Private housing developers are holding back on developments due to the uncertainty surrounding Brexit and land value losses, warn experts from law firm Clarke Willmott LLP. While new home building fund announcements have been welcomed, as they indicate a shift towards a more flexible approach towards homes being built for rent as well as for sale, fewer planning applications are being granted permission according to social housing experts at the firm.

At Clarke Willmott’s Autumn Housing Conference, lawyers warned this could lead to private developers ‘land banking’ which will impact on the overall supply of housing.

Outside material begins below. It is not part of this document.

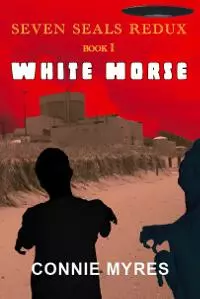 White Horse: A Seven Seals Redux Novel (Book 1)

Jonathan Hulley, partner and joint head of the social housing sector at Clarke Willmott, said: “There is definitely a changing landscape which we are helping our clients navigate their way through. There are unknowns, the biggest one being the implications from Brexit, but there are also opportunities, for registered providers in particular, from the proposed deregulation reforms of the Housing and Planning Act and from the recent government housing announcements.

“At our conference we covered these topics as well as focussing on delivering social value through procurement and how social landlords can make the most of their contractors and partners for the benefit of their communities.”

Government announcements have included a focus on housing as a key industry. With a budget of £20 billion over the next 5 years, including the £3 billion Home Building Fund which is to provide loans to facilitate 25,000 homes by 2020; £2 billion funding for infrastructure and £2 billion on ‘Accelerated Construction Schemes’ designed to unlock development on public land, housing is a topic at the top of the agenda. 

The announcements follow the call from housing sector bodies and housing associations to introduce flexibility over the funding rules for housing to build homes for rent as well as to buy. 

Chimi Shakohoxha, partner and joint head of the social housing sector at Clarke Willmott, said: “In these times when the economy is looking more fragile and there is an increased risk to community cohesion, what social landlords do is even more important to ensure communities remain together.

“With an increasing focus on commercial activities, developing for market sale and rent and managing more diverse and mixed estates, the job of being a social landlord has never been more challenging.

“The conference was useful for lawyers and housing professionals to come together to discuss the issues of the day and look into the future to find solutions that are right and work for the business, landlords and communities.”